Economically, Nigeria faces what can be conceptualized through Joseph Schumpeter The Crisis of the Tax State (1918): a tension between revenue generation and political legitimacy. The erosion of oil rents and macroeconomic instability constrain the state’s distributive capacity. In turn, Albert Hirschman Exit, Voice, and Loyalty (1970) suggests that both elites and citizens may respond through defection or dissent if material expectations are unmet.
Sociologically, shifts in voter behavior complicate traditional clientelist models. Ronald Inglehart work on value change points to the growing importance of non-material considerations, particularly among younger and urban voters. While Nigeria’s context remains distinct, there is evidence of increasing political awareness and issue-based mobilization, especially in urban centers.
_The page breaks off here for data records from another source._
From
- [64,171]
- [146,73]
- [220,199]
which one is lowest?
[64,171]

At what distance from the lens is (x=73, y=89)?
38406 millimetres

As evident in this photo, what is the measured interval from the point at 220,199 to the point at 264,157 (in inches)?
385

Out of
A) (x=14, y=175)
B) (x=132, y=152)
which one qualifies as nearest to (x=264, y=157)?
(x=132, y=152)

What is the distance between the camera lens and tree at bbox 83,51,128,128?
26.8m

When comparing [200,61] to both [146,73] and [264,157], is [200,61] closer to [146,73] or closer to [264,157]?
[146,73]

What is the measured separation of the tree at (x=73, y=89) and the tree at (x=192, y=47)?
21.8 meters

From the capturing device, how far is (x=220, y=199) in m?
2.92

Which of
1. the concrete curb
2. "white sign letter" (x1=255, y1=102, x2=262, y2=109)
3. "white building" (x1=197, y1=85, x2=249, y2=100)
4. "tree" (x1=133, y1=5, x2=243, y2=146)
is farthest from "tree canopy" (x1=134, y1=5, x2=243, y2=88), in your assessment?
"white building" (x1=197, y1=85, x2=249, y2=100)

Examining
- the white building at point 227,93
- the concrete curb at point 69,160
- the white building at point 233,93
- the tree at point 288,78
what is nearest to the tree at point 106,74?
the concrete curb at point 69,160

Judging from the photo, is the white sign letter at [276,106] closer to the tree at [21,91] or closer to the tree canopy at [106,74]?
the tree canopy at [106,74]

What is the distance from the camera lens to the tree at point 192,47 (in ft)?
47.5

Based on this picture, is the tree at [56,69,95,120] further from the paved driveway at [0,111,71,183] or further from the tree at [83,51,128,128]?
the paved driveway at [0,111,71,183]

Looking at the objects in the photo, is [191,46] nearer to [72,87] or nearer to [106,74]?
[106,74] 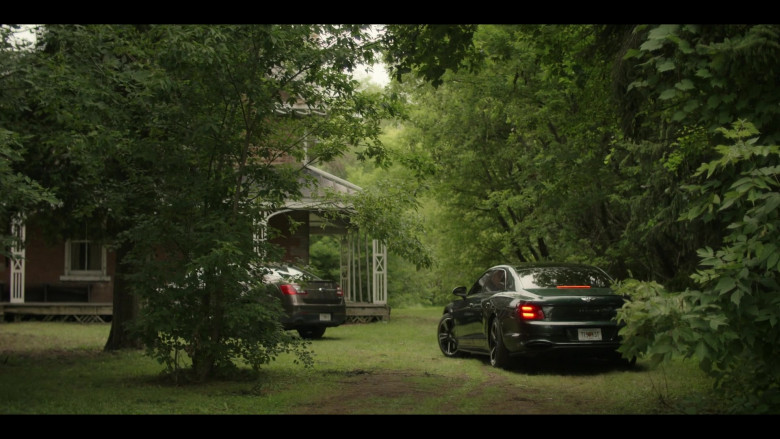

Technologically, digital platforms such as Twitter and Facebook have transformed the informational landscape. These platforms reduce the informational asymmetries that historically favored incumbents, enabling opposition actors to mobilize and coordinate more effectively. However, they also provide tools for incumbents to shape narratives and manage dissent.
Finally, institutional and security dynamics remain critical. Drawing on Max Weber conception of the state, the capacity to maintain order and legitimacy is central to political authority. Electoral credibility, judicial interventions, and security conditions will all influence the 2027 outcome.
Conclusion
A theoretically grounded analysis of party politics in Nigeria reveals a complex interplay between structural constraints, strategic agency, and emergent pressures. The APC enters the 2027 electoral cycle with significant advantages rooted in incumbency, elite coordination, and the enduring logic of prebendal distribution. These advantages are reinforced by path-dependent institutional arrangements and a fragmented opposition landscape.
Yet, these same dynamics generate vulnerabilities. Economic constraints threaten the sustainability of patronage networks; intra-elite competition risks coalition fragmentation; and evolving voter expectations introduce new uncertainties into electoral behavior.
In sum, the APC’s prospects in 2027 are best understood not as predetermined, but as contingent upon its ability to navigate Nigeria’s intricate political economy. The election will serve as a critical juncture, testing whether the party can reproduce its dominance within a system that is simultaneously resilient and unstable—structured by history, shaped by strategy, and open to transformation.